Her 5-year-old has a severe, rare disease. There's a cure, but she can't get it.

Catherine Illingworth, 39, knew something was wrong the moment her son's neurologist walked into the room.

Illingworth requested the referral from her son's pediatrician based on instinct. George took a while to start walking, she said. Once he started, he never seemed stable. At 4 years old, George fell often and couldn't keep up with friends his age.

His diagnosis was a gut punch: Charcot-Marie-Tooth disease type 4C, a rare genetic neuropathy associated with early-onset scoliosis. As the condition progresses, George could develop other symptoms like cataracts, deafness, bone or joint abnormalities, cognitive issues and respiratory problems.
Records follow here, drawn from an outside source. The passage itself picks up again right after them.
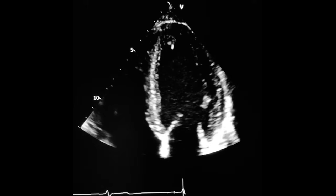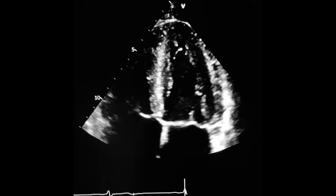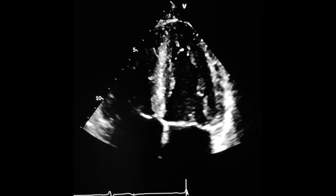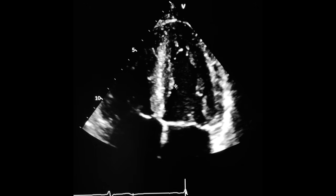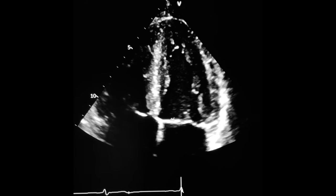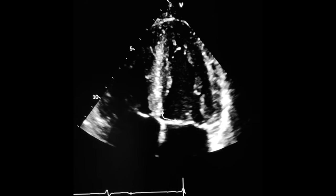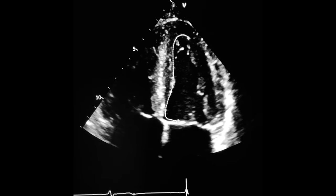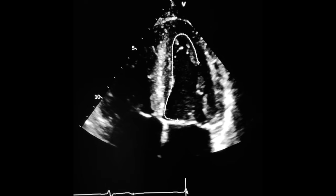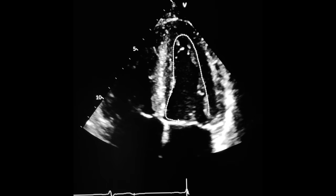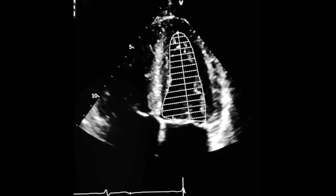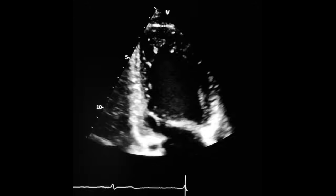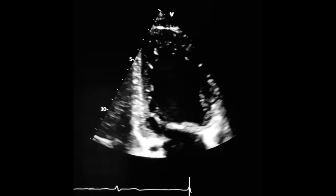Now, we have to do the same but at the end of systole. Freeze the image at the end of systole and trace around all the endocardial border to get the end-systolic volume. One plane is done, so let's do the same in the apical two-chamber view.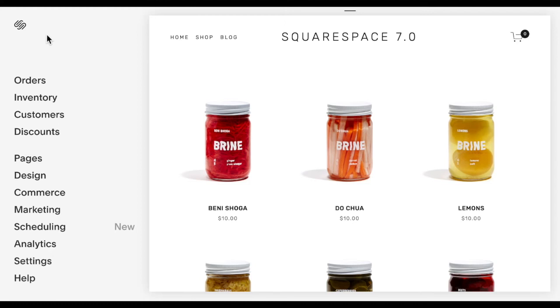Hello everyone, my name is Rebecca Grace and I'm a Squarespace expert and website designer. Today we're going to be talking about resizing our products for when somebody is viewing your site from a mobile device.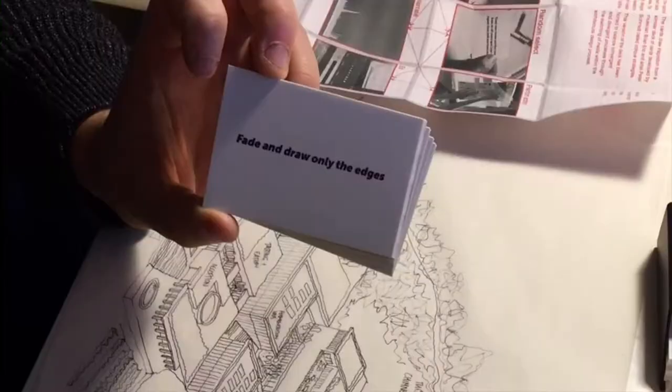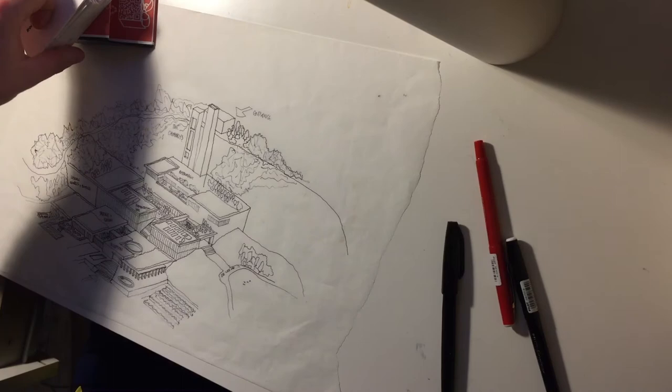Again, I will select a card from the divergence deck at random. Slow down and work up an area in detail.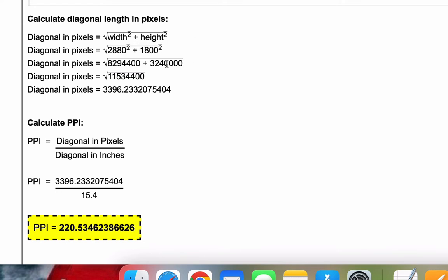When we plug in our inputs—2880 for width, 1800 for height—and simplify, we get a diagonal in pixels of 3396.23.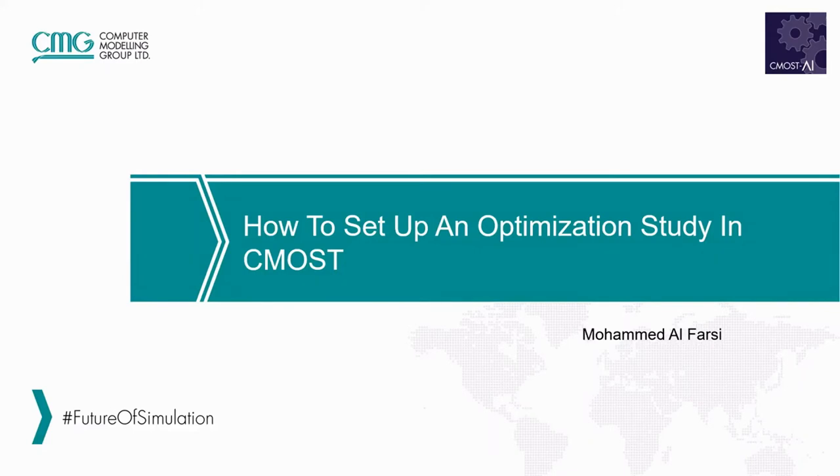Hello and welcome to another video in the TechByte series from CMG. My name is Mohamed, and in this video we will be showing you how to set up an optimization study in CMOST.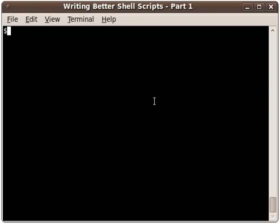Welcome, this is an Innovations Technology Solutions video. It goes along with the blog post Writing Better Shell Scripts Part One. In this video, I'm going to talk a little bit about some of the built-in functionality in bash to help you debug your shell scripts.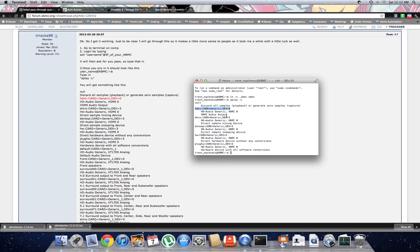If you want audio through HDMI, in my case, it says HDMI colon card equals generic dash dev equals zero.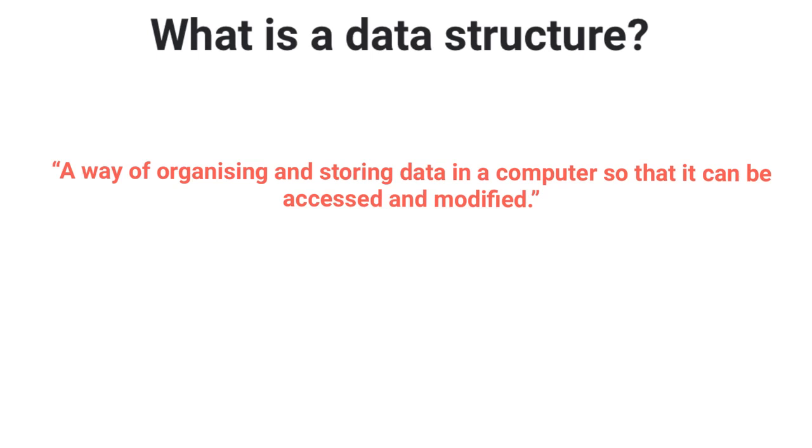So first, what do we mean when we say the term data structure? Well, a data structure is nothing more than a way of organizing and storing data within a computer program so they can be accessed and modified.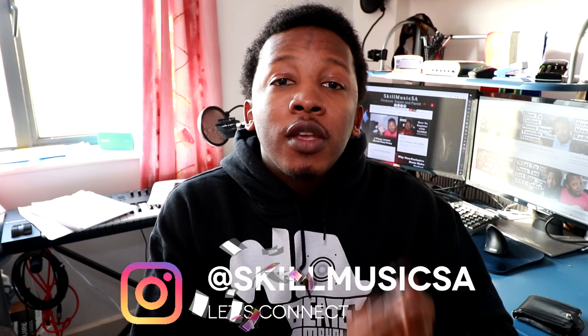What's up? It's your boy Skill from SkillMusicSA.com.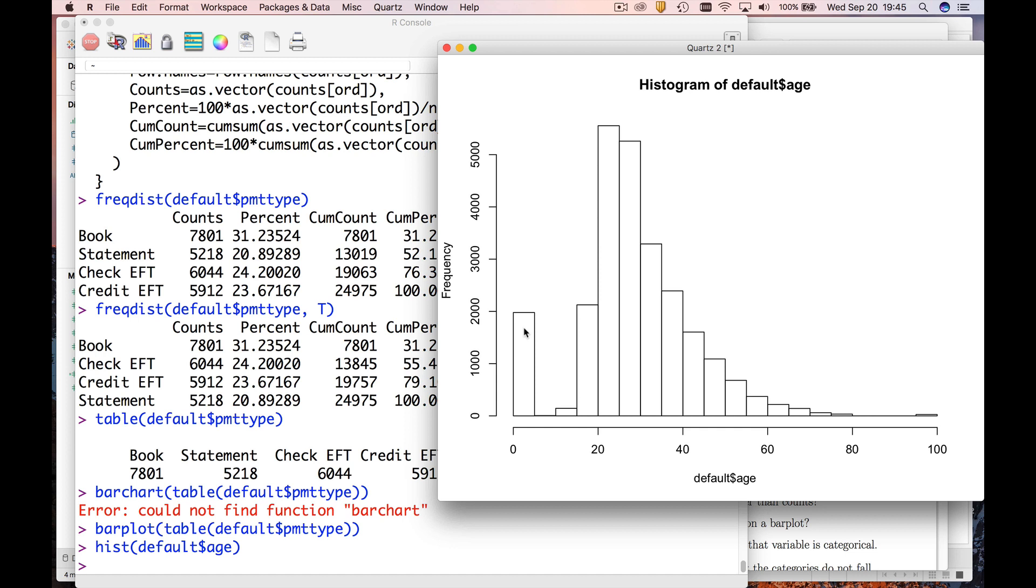I think these are erroneous values. These are probably people who wouldn't give you their age and therefore you just type in zero so that you can get to the next screen when you key this stuff in. All right, so this is an example of dirt. There's another thing that's kind of suspicious which is this lump out here at the end, and these we're going to see in a second are 99 year olds.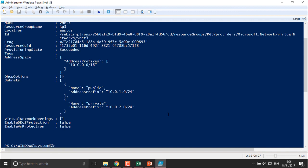This is how we can use PowerShell to install AzureRM, log into your account, and create virtual networks and subnets. In the same way, we can manage other Azure services using PowerShell or CLI, depending on which interface you prefer. In our next video we will be moving into compute services.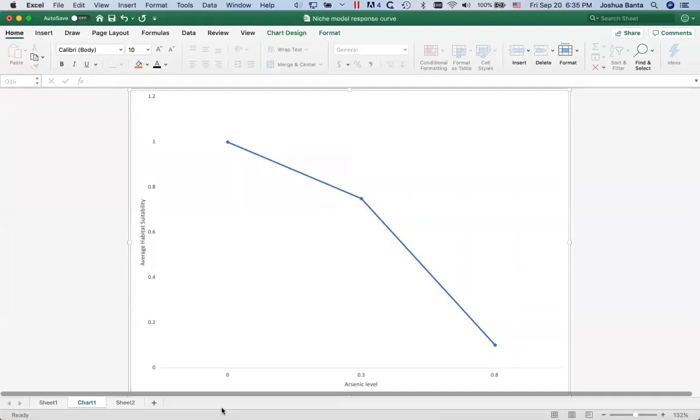I'm going to go ahead and stop the share. We can keep talking, but I'm going to go ahead and stop the share. Does that sound good? Wait, I didn't want to stop the share, I want to stop recording, not stop the share.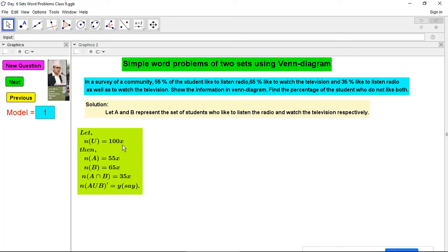Please do not present data in percentage form in the Venn diagram — remove that habit. Suppose 100x, where x is a variable. It may represent more than a hundred or a thousand, because percentage can be expressed in terms of 100, so 100x is appropriate. Are you clear about supposing the universal set as 100x? Let me know your response.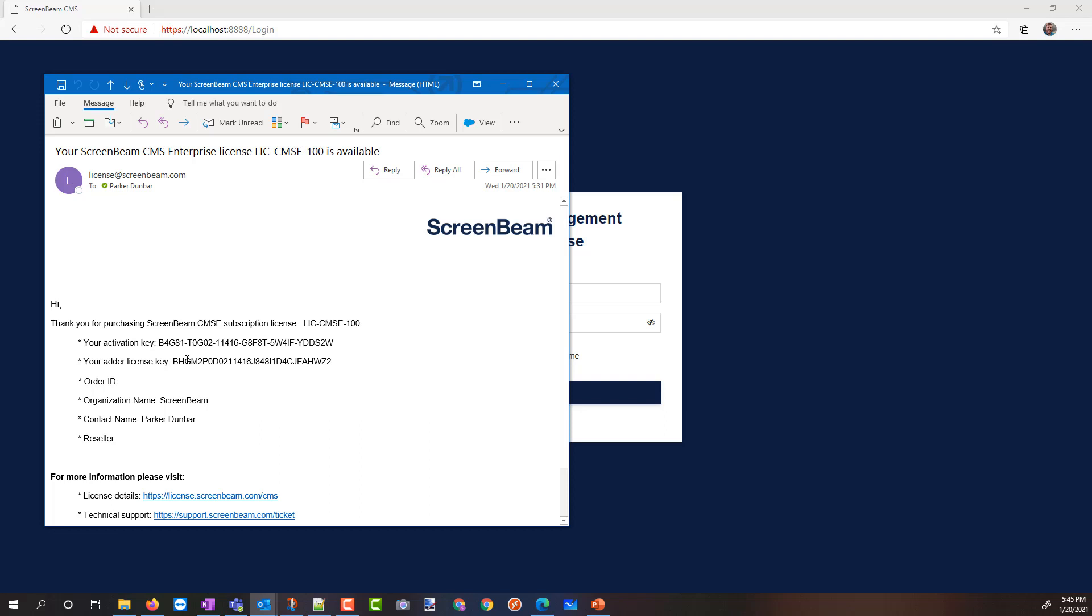You'll notice in my email, I've got two license keys. That's because I have a base license, which is sort of the first piece. Everybody needs to have a base license, and then I also have an Adder license. So I wanted a couple more than my base license, but I didn't want to go up to the next size base license. You'll notice that my base license key has dashes, my Adder license key doesn't have dashes. That's okay. CMS is going to read either format, so it doesn't make any difference.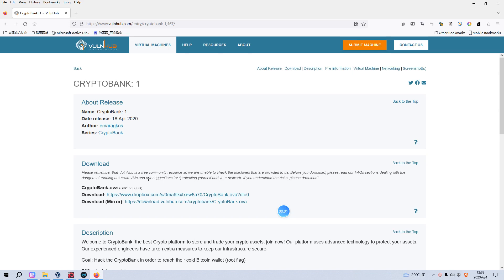Welcome back, I'm Jason. Today I'd like to continue our series of VulnHub. The virtual machine is called Crypto Bank One — I'll put the link in the description section below so you can download the image. Before we begin today's video, if you don't mind, please subscribe to my channel. I appreciate your help and support. Now let's get started.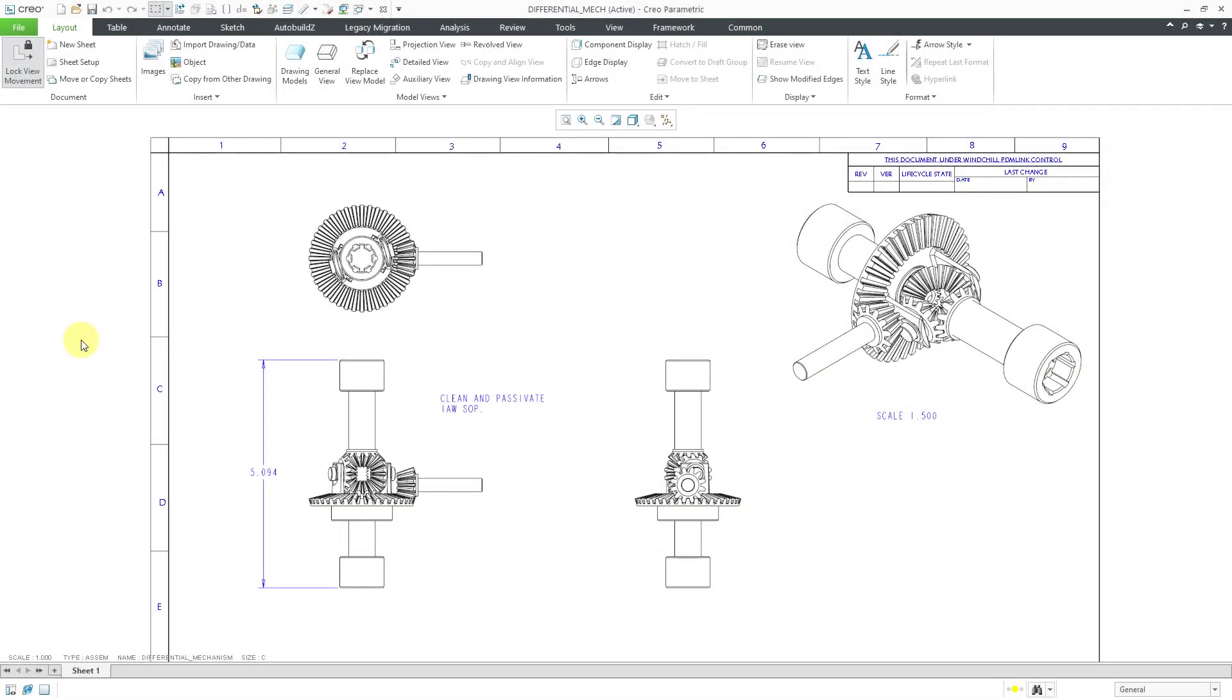In Creo Parametric, you can relate a drawing detail to a view so that if you move the view, the detail will move along with it.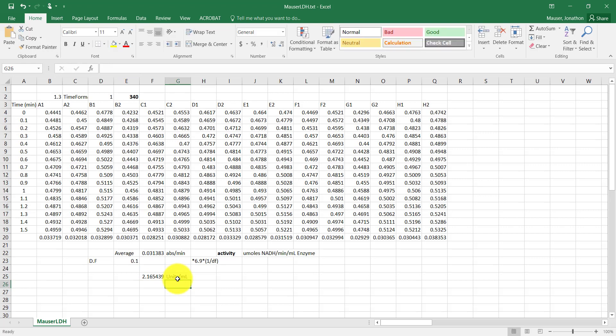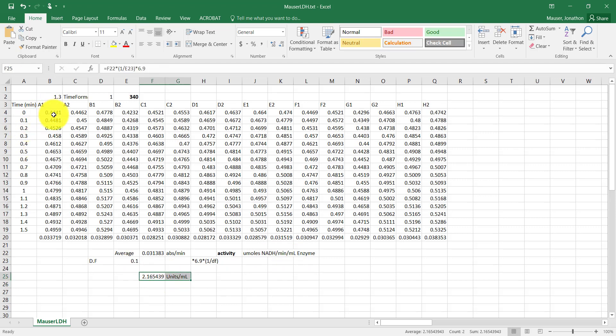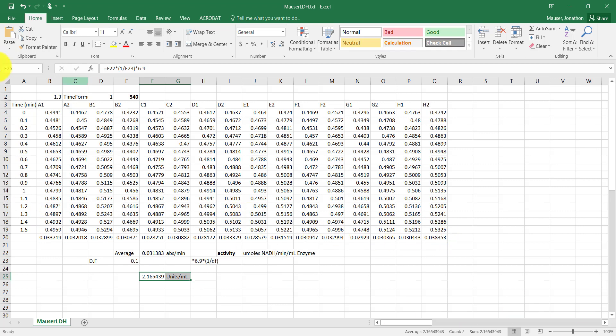So that's how you're going to process that data. Again, you want to be sure you're exporting your data as a raw columns format off the plate reader, and then coming up with the average slope based on this approach. So that's helpful. See you next time.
The doctor offered a ray of hope and told Illingworth that a treatment for her son's rare disease had likely already been invented. The catch? It was stuck in "the research valley of death." Illingworth found the neurologist's prediction was true. Her son's treatment was just a few clinical trials − and $6 million − out of reach.

Illingworth's situation is all too common. More than 7,000 rare diseases impact more than 30 million people in the United States, according to the FDA. Half of those patients are children. Most of those conditions do not have treatments, and many of the therapies that are invented to treat rare diseases never gain the capital to make it to market, leaving parents with few places to turn.